Mating competitiveness

Assessment of the mating competitiveness provides data pertinent to the effectiveness of the strain for population suppression strategy. Mating experiments between male adults of the AWD and OX513A strains in equal proportion were conducted for a period of 24 hours. Measurements of the pupal size and right wing of adults indicated no significant difference between the two strains, with a mean pupal size of 0.981±0.01 mm and 0.977±0.012 mm (p = 0.789, two tailed independent T test) and mean right wing length of 2.04±0.01 mm and 2.02±0.02 mm (p = 0.447, two tailed independent T test) for OX513A and AWD males respectively (S1 and S2 Tables). Twenty-four hours after the mating release period, out of 79.7% of the female adults recaptured, 60.3% females laid eggs with an average of 58 eggs per female adult (S3 Table). Eggs laid by individual females showed a hatching rate of 76.6%. Fluorescence screening revealed that 41% and 48% of the AWD female adults mated only with OX513A males and AWD males respectively (F value = 0.681; p = 0.691), while 10.9% of the AWD adult females mated with both OX513A and AWD males (Fig 1).

Fig 1

Percent mating of Ae. aegypti female adults with male adults of OX513A/wild type AWD Ae. aegypti strain and error bar representing standard error.

Chi-square analysis (S4 Table) of the observed mating proportions revealed non-significant deviation from the expected mating proportion of 1:1:0 (AWD males: OX513A males: double mating) (X2 = 2.886; p = 0.2362). In addition, the paternal origin (OX513A male / AWD male) did not impact on the number of eggs laid by the wild females (Table 1).

Table 1

Average number of eggs laid by AWD females mated with OX513A males, AWD males and those double-mated.
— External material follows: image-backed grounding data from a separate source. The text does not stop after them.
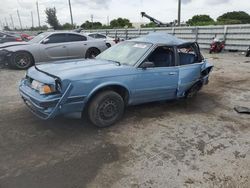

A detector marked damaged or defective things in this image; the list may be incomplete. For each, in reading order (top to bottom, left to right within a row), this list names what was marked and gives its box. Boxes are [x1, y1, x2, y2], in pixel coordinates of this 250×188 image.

damaged blue sedan [18, 33, 213, 128]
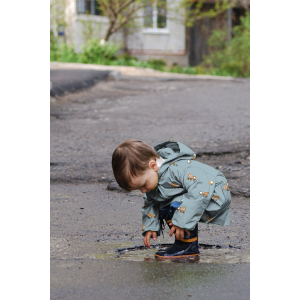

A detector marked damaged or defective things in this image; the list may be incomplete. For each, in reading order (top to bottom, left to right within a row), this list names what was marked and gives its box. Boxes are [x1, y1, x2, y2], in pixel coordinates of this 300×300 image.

cracked asphalt [50, 68, 250, 300]
pothole [89, 243, 246, 264]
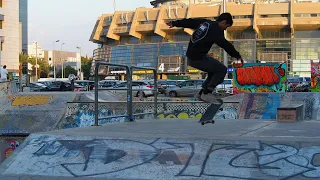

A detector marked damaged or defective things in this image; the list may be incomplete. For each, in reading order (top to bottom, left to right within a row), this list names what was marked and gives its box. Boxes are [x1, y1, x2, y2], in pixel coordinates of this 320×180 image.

pavement crack [239, 121, 276, 137]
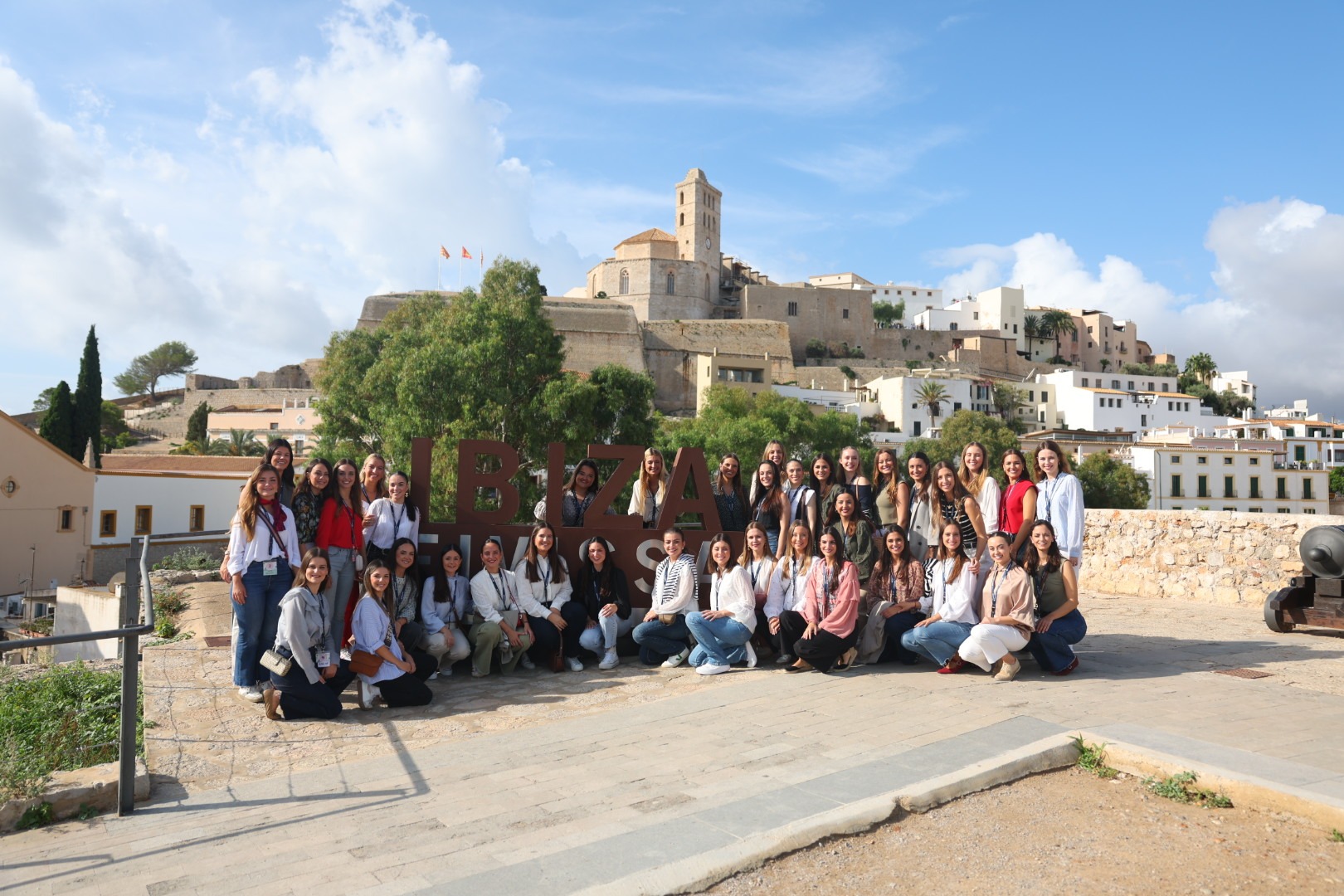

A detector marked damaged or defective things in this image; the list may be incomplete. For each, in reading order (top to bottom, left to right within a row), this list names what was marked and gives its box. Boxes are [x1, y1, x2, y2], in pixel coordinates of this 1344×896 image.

rusty metal letter sign [411, 441, 747, 606]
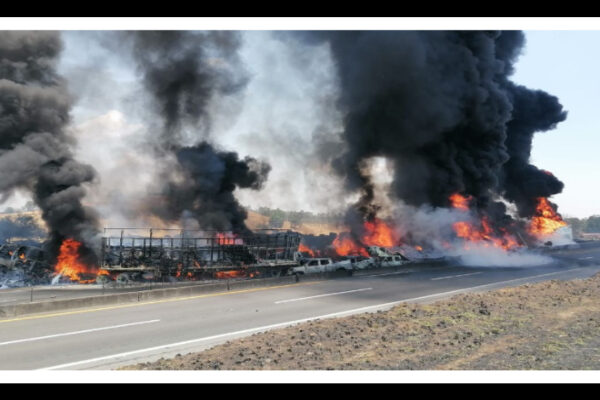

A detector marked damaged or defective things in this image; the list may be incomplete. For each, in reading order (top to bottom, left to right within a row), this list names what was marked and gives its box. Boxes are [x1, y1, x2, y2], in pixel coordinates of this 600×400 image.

collapsed vehicle frame [101, 228, 304, 278]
	AWD female adults mated by
	AWD strain ♂	OX513A Strain ♂	Both [AWD & OX513A strain] ♂
Number of eggs laid/female (Mean±SE)	58.5±1.97^a(n = 4914)	60.6±1.85^a(n = 4360)	59.7±3.97^a(n = 1134)
95% confidence interval	54.6–62.4	56.9–64.2	51.3–68.0
One-way ANOVA	df = 2; F = 0.284; p>0.05

Figures within the rows indicated with the same letter (i.e. "a") show non-significant differences between the values by one-way ANOVA following Tukey’s-b test.
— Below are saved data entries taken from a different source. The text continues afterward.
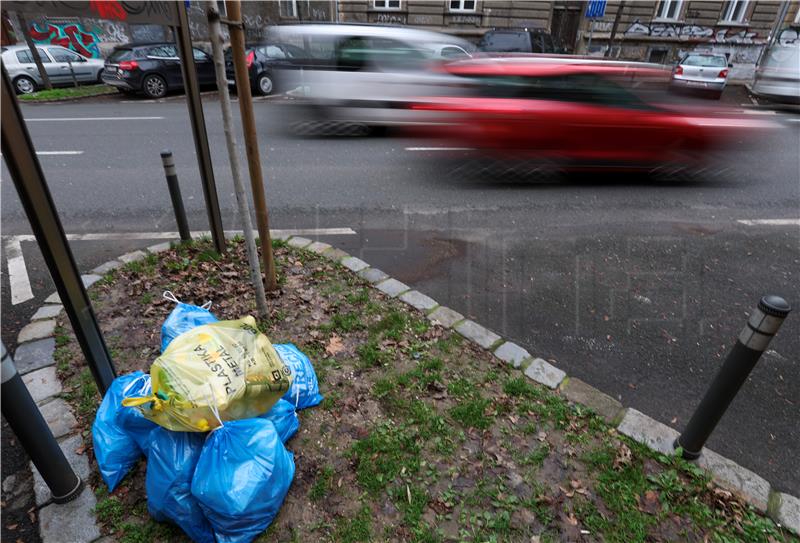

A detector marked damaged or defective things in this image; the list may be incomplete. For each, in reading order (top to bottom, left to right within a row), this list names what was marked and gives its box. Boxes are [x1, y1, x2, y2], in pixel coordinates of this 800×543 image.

rusty metal pole [17, 13, 52, 91]
rusty metal pole [225, 0, 278, 294]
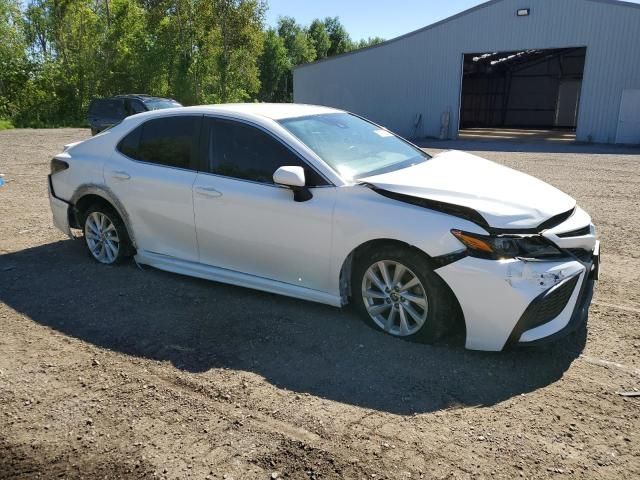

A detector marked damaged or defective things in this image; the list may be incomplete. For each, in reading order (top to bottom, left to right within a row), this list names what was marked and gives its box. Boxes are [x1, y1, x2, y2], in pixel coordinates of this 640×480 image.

cracked headlight lens [450, 231, 564, 260]
damaged front bumper [438, 242, 596, 350]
Population suppression experiment

The suppression experiment was initiated on 13th April 2017 and terminated on 12th December 2017 after 34 weeks. Experiments were performed in five paired cage units (Unit A to E) with a control and treatment cage in each unit. Each paired unit had the control and treatment cages randomly assigned—cages 1, 4, 5, 7 and 10 were controls while 2, 3, 6, 8 and 9 were treatment cages. Establishment of a stable population of wild AWD strain–defined as stable egg output, was achieved in 14 weeks in all the paired cage units (Fig 2). Number of eggs produced in each cage was analyzed by one-way ANOVA, which indicated a significant increase of the mosquito population from week 8 while egg production was stabilized by week 14 (S5 Table).

Fig 2

Weekly egg production in control and treatment cages during experiment.

Weekly egg production in control and treatment cages during experiment.
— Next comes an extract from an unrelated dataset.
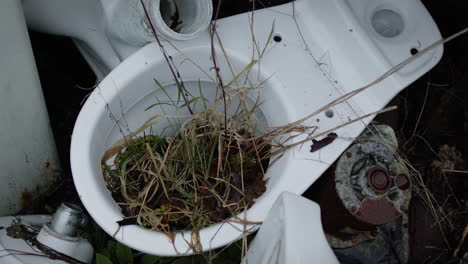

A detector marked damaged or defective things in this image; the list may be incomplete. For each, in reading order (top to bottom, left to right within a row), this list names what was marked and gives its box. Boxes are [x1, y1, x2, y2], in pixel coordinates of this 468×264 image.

rust [308, 133, 338, 152]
Egg production number increased from week 9 reflecting establishment and stable adult mosquito population during subsequent weeks in all cages. Post establishment, OX513A male adult releases weekly were initiated (weekly 15 onwards) (vertical dashed line) in the all 5 treatment cages. The K-S test for normality of the distribution on weekly egg production showed non-significant difference between cages indicating a normal egg production rate during the population stabilization period from week 1–14 (p >0.05). One exception was week 4 where the egg production varied significantly (p<0.05) between the cages (S5 Table). Analysis of the weekly mean egg production during the stabilization period showed no significant differences between paired control and treatment cages (p>0.05). Egg production during week 13 and 14 increased significantly in control and treatment cages compared to the previous weeks but mean egg production for weeks 13 and 14 was not significantly different between the control and treatment cages indicating stabilization of the AWD population (S5 Table). Across the whole stabilization period (14 weeks) the weekly egg production in paired cages did not vary significantly (p>0.05) indicating no bias of the cage position on egg production (S6 Fig). Stabilization of the AWD population in cages was followed by weekly introduction (from week 15) of 1,000 OX513A male adults in each treatment cage, corresponding to a release of 10 fold of AWD male adult emergence in the control cages (ratio of 10:1 OX513A males/AWD males), based on the weekly introductory rate of 200 L2 larvae per cage and considering our earlier laboratory observations on the sex ratio of adult emerging from the eggs laid by females (i.e. 1:1 male/female ratio). OX513A male releases in treatment cages were terminated when no egg production was observed consecutively for a period of 5weeks. Following the weekly introduction of OX513A male adults in treatment cages, the eggs collected weekly were hatched and screened for presence of DsRed2 fluorescence. Calculations of weekly larval return rate were initiated for the treatment cages following the identification of the first fluorescent larvae (Fig 3).

Fig 3

Weekly larval return rate in control and treatment cages before and after OX513A male adult releases and fluorescence observation.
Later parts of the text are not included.